### WHAT TO DO
Copy the lines below exactly. No picture goes into the copy.

(Brief descriptive captions)
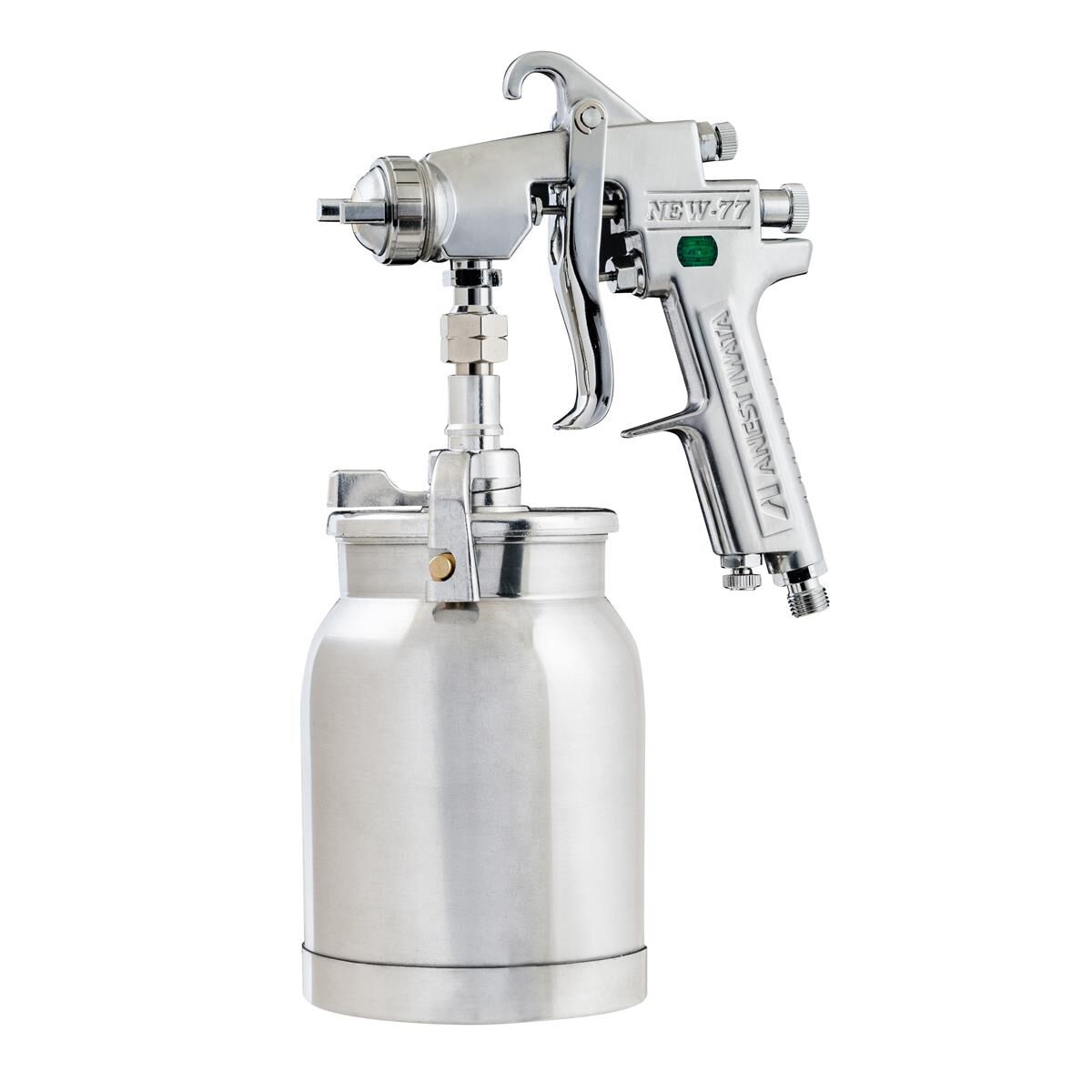 IWATA 2SPRAY SUCTION SPRAYGUN N77 1.5MM + 1L PS1000 POT, , scanz_hi-res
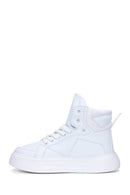 Kadın Beyaz Bilekli Sneaker | Derimod Kadın Beyaz Bilekli Sneaker | Derimod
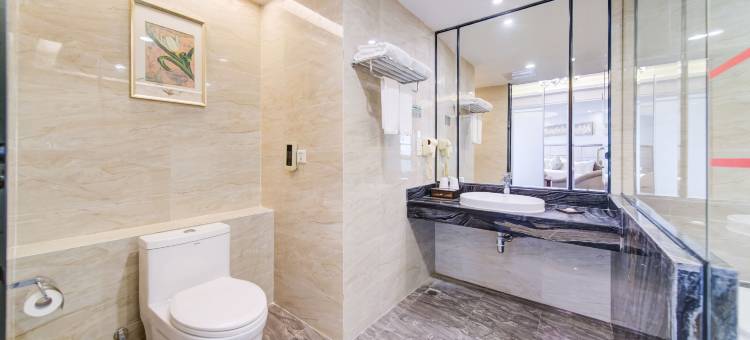 曼哈顿酒店(珠海金湾华发商都正光广场店)图片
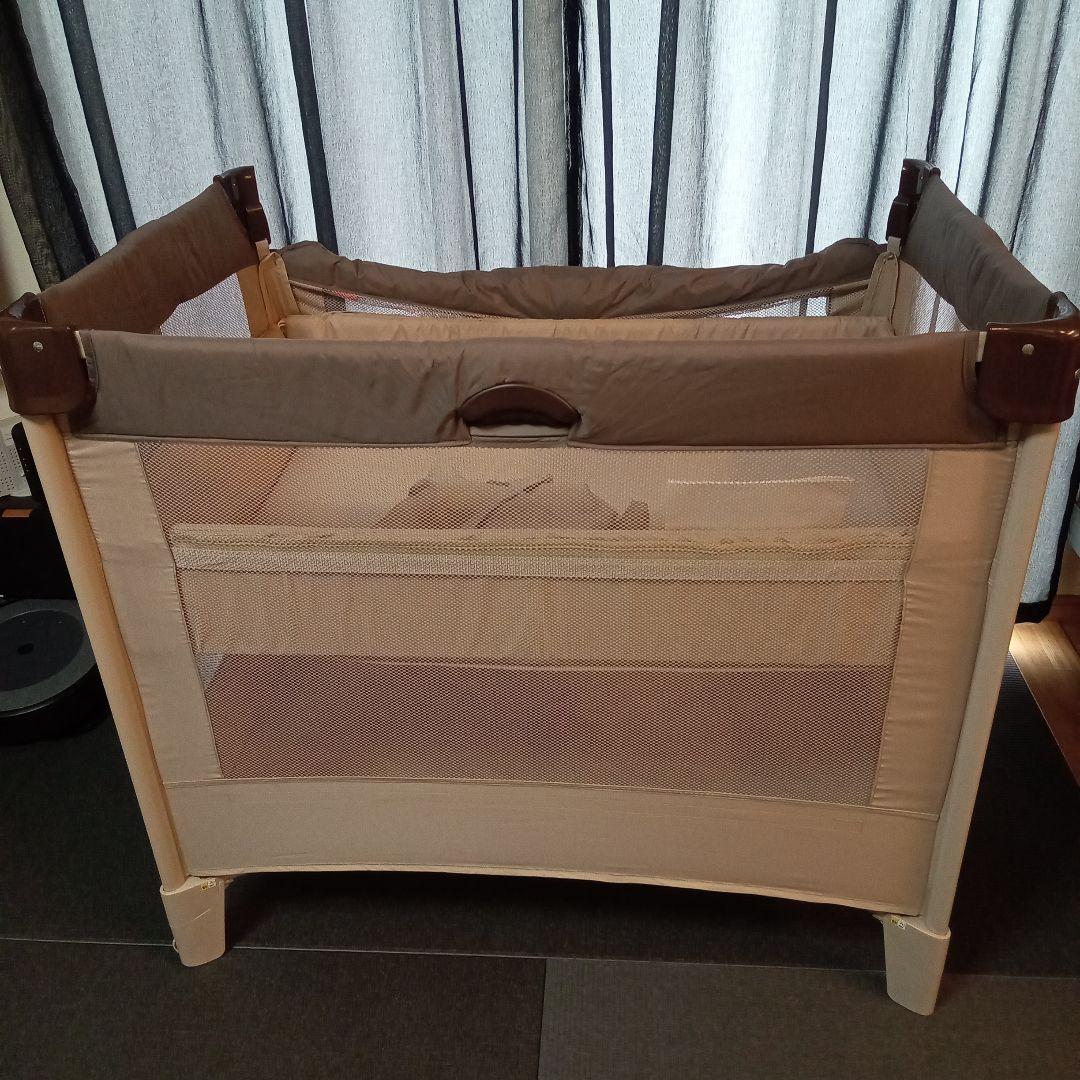 ✨️極美品✨️ アップリカ ココネルエアー ベビーベッド サークル 66047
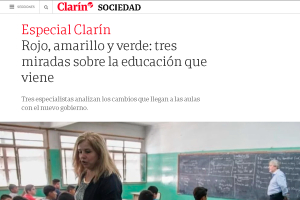 Rojo, amarillo y verde: tres miradas sobre la educaci&oacute;n que viene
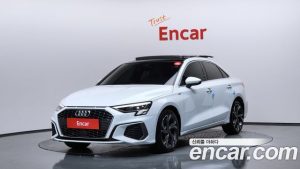 Audi A3 40 TFSI Premium 2023 года из Южной Кореи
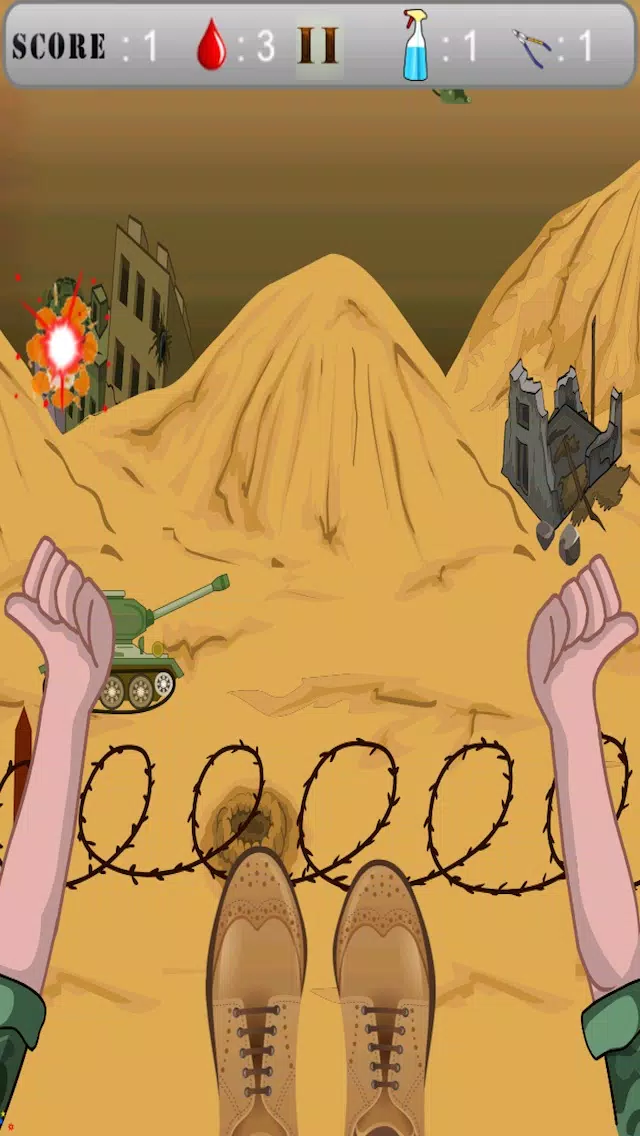 Capturas de tela do Bomb Blaster Arms Defense Combat Fragger Brigade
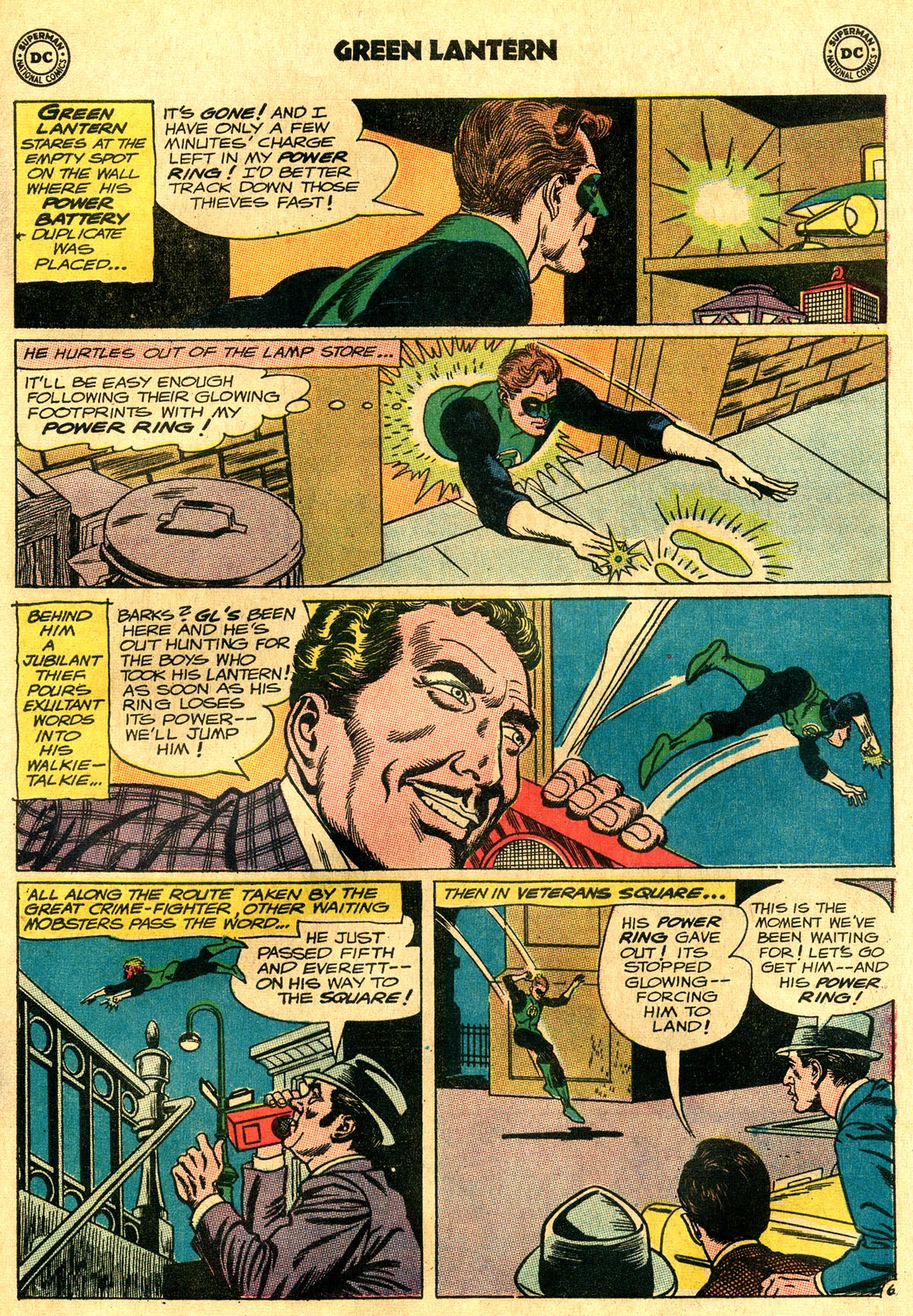 Read online Green Lantern (1960) comic -  Issue #33 - 25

### TASK SOLUTION
 IWATA 2SPRAY SUCTION SPRAYGUN N77 1.5MM + 1L PS1000 POT, , scanz_hi-res
 Kadın Beyaz Bilekli Sneaker | Derimod Kadın Beyaz Bilekli Sneaker | Derimod
 曼哈顿酒店(珠海金湾华发商都正光广场店)图片
 ✨️極美品✨️ アップリカ ココネルエアー ベビーベッド サークル 66047
 Rojo, amarillo y verde: tres miradas sobre la educaci&oacute;n que viene
 Audi A3 40 TFSI Premium 2023 года из Южной Кореи
 Capturas de tela do Bomb Blaster Arms Defense Combat Fragger Brigade
 Read online Green Lantern (1960) comic -  Issue #33 - 25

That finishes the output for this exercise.